- Your task:
An exact, complete printout of the listing is wanted, minus its images.

- Given information:
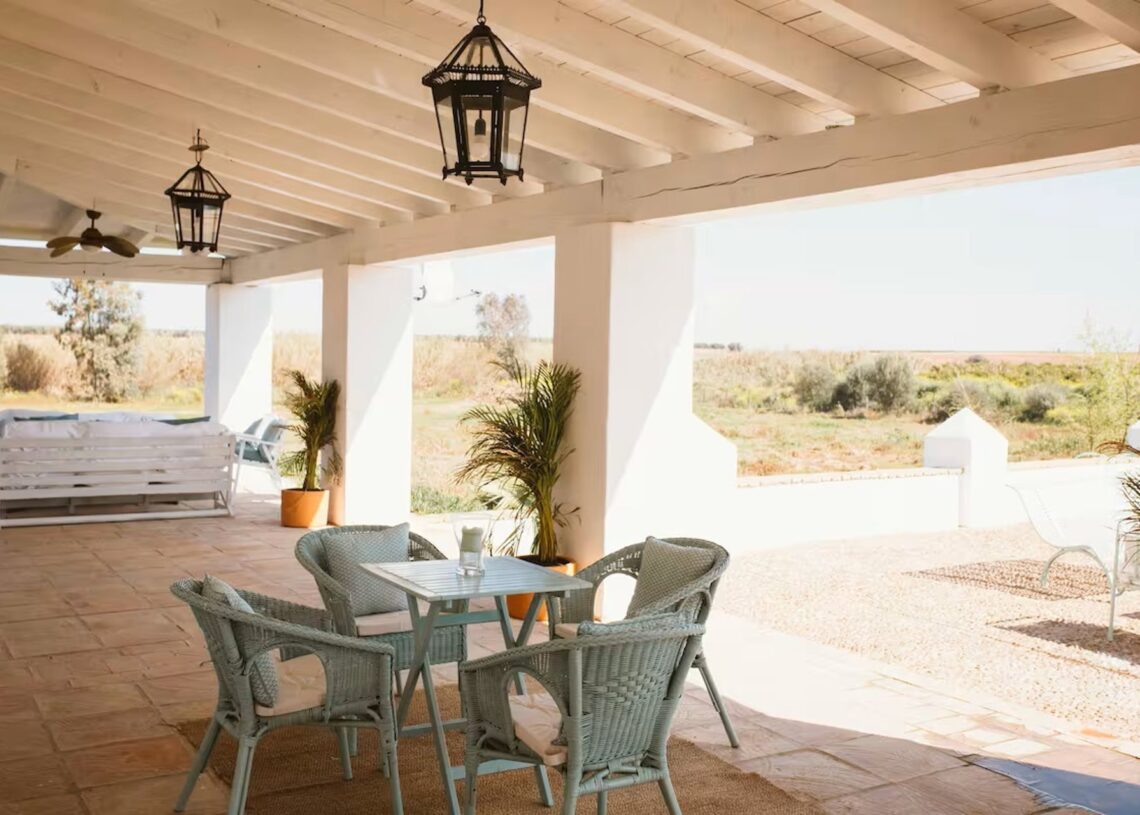 Archivo - Interior de una casa rural de Carmona ofertada desde la plataforma digital.AIRBNB - Archivo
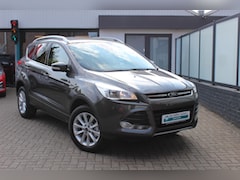 Ford Kuga - 1.5 Titanium Navi/Carplay, Winterpack, Driver Ass Pack, Trekhaak 2000KG
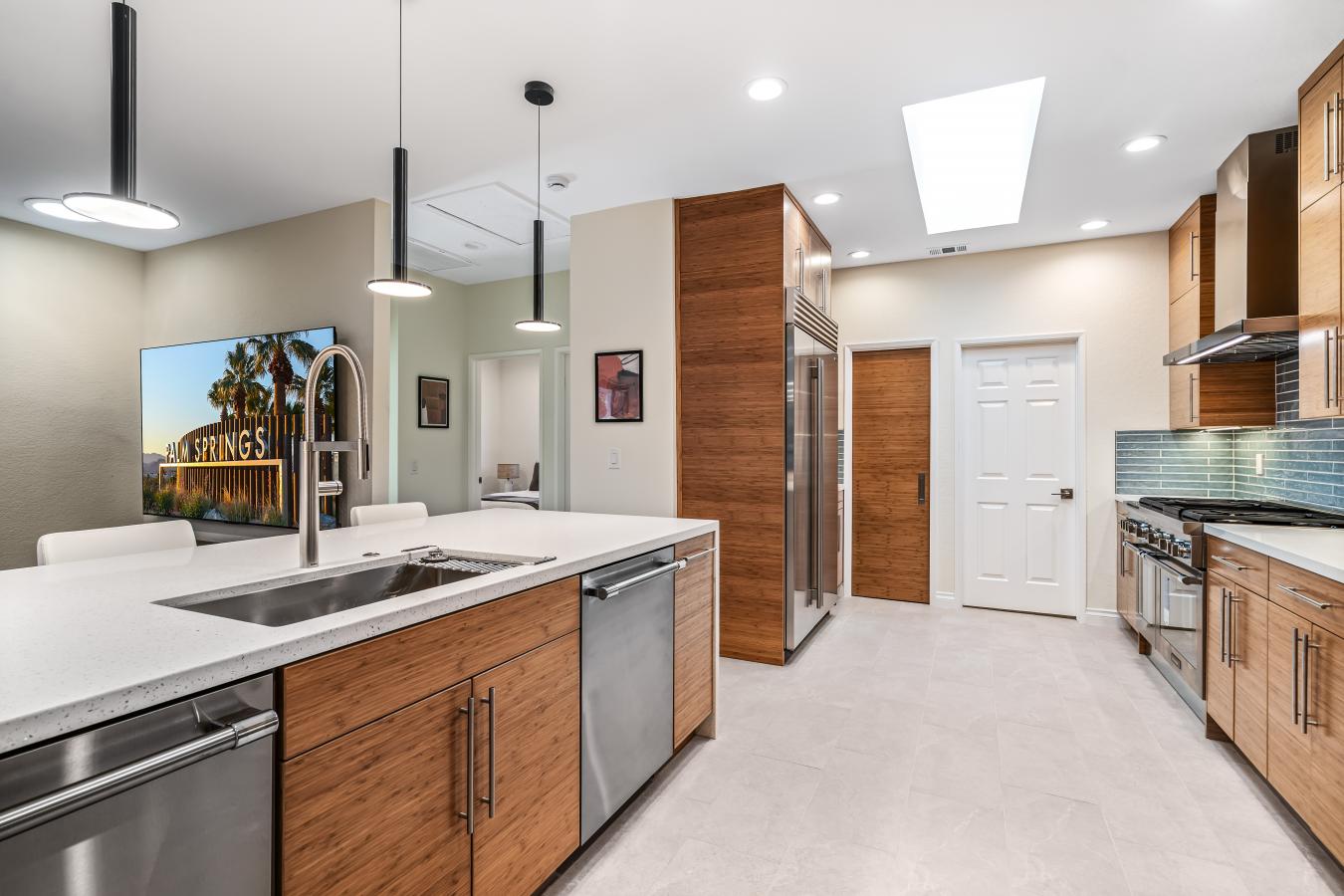 Palm Springs, California, 92262, United States, 2 Bedrooms Bedrooms, ,1 BathroomBathrooms,Residential,For Sale,1919244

- Solution for this problem:
 Archivo - Interior de una casa rural de Carmona ofertada desde la plataforma digital.AIRBNB - Archivo
 Ford Kuga - 1.5 Titanium Navi/Carplay, Winterpack, Driver Ass Pack, Trekhaak 2000KG
 Palm Springs, California, 92262, United States, 2 Bedrooms Bedrooms, ,1 BathroomBathrooms,Residential,For Sale,1919244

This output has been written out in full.